Haven't needed it in years, understand myself pretty well at this point, but back in high school I used to go there a couple times a month.
There's a tree in the sunlight surrounded by a small field of grass about twice ankle height, it's bright, the grass is green, and definitely summer. The grass field isn't that big, maybe 10 meters in diameter, surounded by a ring of flowers that extends much further out towards forests, paths, mountains, hill crests, etc depending on direction. I always wake up there snoozing against the tree. There are two paths that leave the field through the flowers all around the ring of grass. one goes to a cave in a cliff face eventually, after I cross a river by jumping on slippery, flat stones while being mocked and taunted by a character that lives in the river... it's complicated. The Other is a bit longer, and leads up to a ridge overlooking a lake.

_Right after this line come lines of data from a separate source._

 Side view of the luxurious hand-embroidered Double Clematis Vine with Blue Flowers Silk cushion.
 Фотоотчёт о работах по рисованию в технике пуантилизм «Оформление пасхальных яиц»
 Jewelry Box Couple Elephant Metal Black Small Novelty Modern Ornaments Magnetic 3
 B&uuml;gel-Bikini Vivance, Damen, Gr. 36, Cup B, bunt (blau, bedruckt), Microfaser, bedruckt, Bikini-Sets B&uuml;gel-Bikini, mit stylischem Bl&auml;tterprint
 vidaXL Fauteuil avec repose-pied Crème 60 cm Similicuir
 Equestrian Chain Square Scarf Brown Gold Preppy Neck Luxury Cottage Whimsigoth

I can keep going down towards the lake, but there is only a single dock at the end of the trail. if I go out to the edge of the dock and sit there, this is the place I am happiest. If I need to find answers to questions, I will swim out to a whirlpool that will take me down into an underwater cavern. Both caves have different kinds of answers with different characters that exist to help me sort out different types of problems. Both occasionally subject me to new tests that I don't consciously understand. I just know they are choices that need to be made and have some significance and meaning that maybe I am not ready to accept.
My happiness is primarily based on my value system syncing with my actions, so when that was out of sync, this place is one of the more drastic resorts I used to employ to discover how to tweak my conscious understanding of my value system to better match the unconscious one that demands fulfillment with every action I take.

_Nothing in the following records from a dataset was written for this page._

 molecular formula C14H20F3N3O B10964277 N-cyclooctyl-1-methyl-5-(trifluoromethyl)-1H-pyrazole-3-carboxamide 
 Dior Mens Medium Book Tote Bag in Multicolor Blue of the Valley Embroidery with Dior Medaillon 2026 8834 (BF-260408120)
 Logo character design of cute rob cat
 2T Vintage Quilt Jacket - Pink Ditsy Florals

Of course, I didn't understand it like that when I was using it
My haven is a island seashore lit in a perpetual golden sunset, or sunrise (I don't know which). And I'd have a Peter Pan-like friend who'd take me on adventures around the island, from catching fish and picking fruit and frying them over burning firewood to camping out in a cosy beach cave.
Heh come to think of it my haven is actually pretty cool. Gotta go back some time. Maybe this time we'll go boating, or we'll canoe up the river and into the jungle.

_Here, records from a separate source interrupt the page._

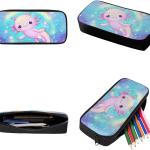 Showudesigns Galaxy Axolotl Backpack for School Aesthetic Kindergarten Elementary Middle School Bag with Lunch Box Pencil Case for Kids Rucksack Cute Animal Rainbow Star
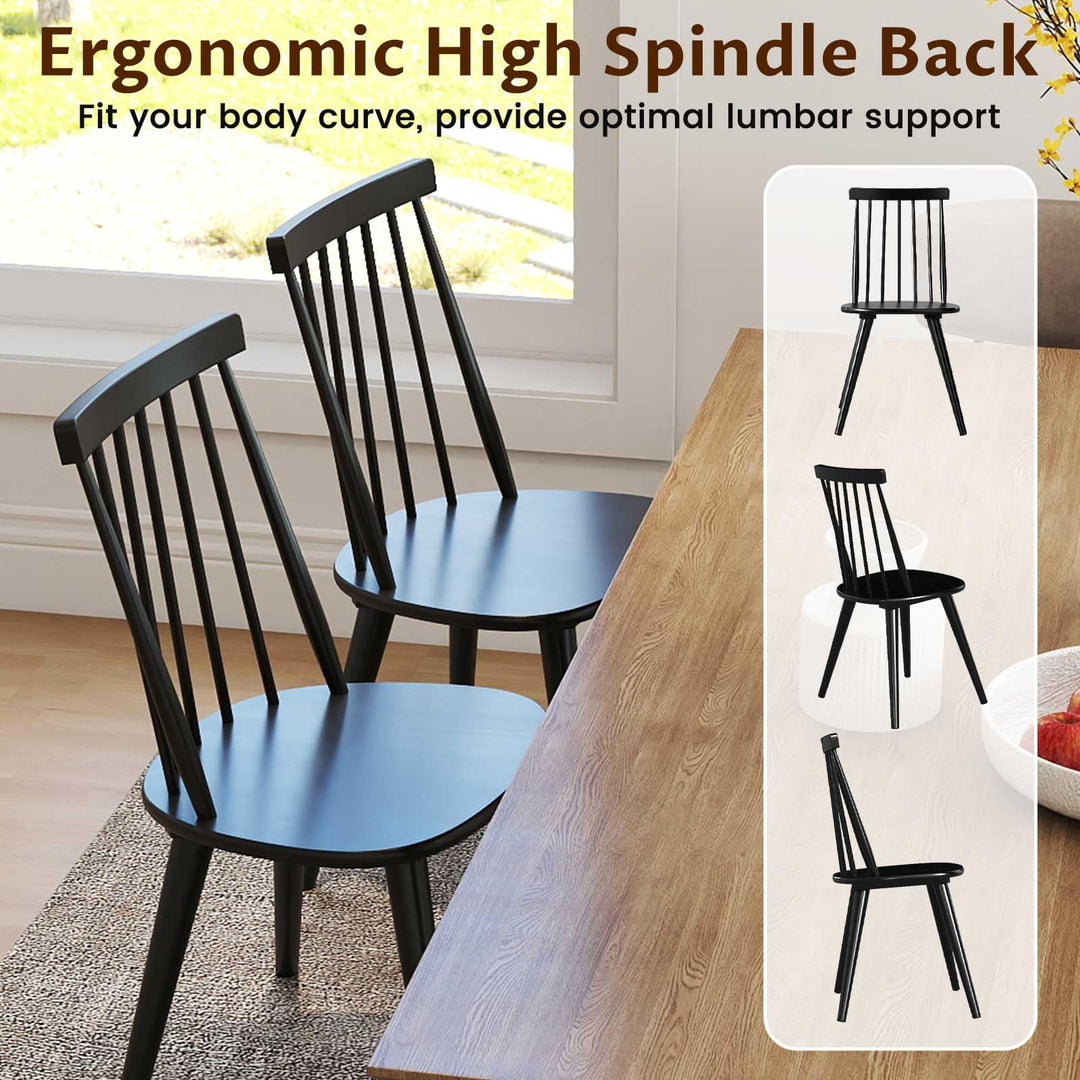 Giantex Windsor Dining Chairs Set of 2/4 Farmhouse Wooden Black Kitchen Chairs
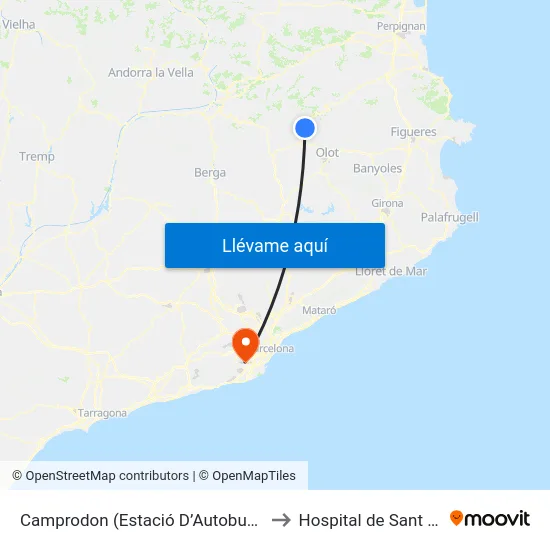 Camprodon  (Estació D’Autobusos) to Hospital de Sant Boi map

My happy, safe place exists in my mind, of course. I think of those I love - my parents, my sister, my few close friends who have stood the test of time and enrich and inspire me. I'll get into my jammies and just think about these individuals, the wonders of my humble world, and I'll find a slice of happy, however fleeting it is. I believe knowing I'm loved keeps my spirit alive and well. And knowing I love, too.
heaven = haven. so will know about it once am down under
now, will the soul enter in one? A place where I have been, What i see and know of - 'the hall' ?
does the soul have the 'hall' in life where exists all norms of actions, commited by fellow souls? been there? everyday?
does it shake one ever? suck the veins of the living spirit, and to ask: why am i living?
welcome to the hall. hall=hell
and somewhere for a nanosecond, yes a small portal i step into that reaffirms my existence - the haven.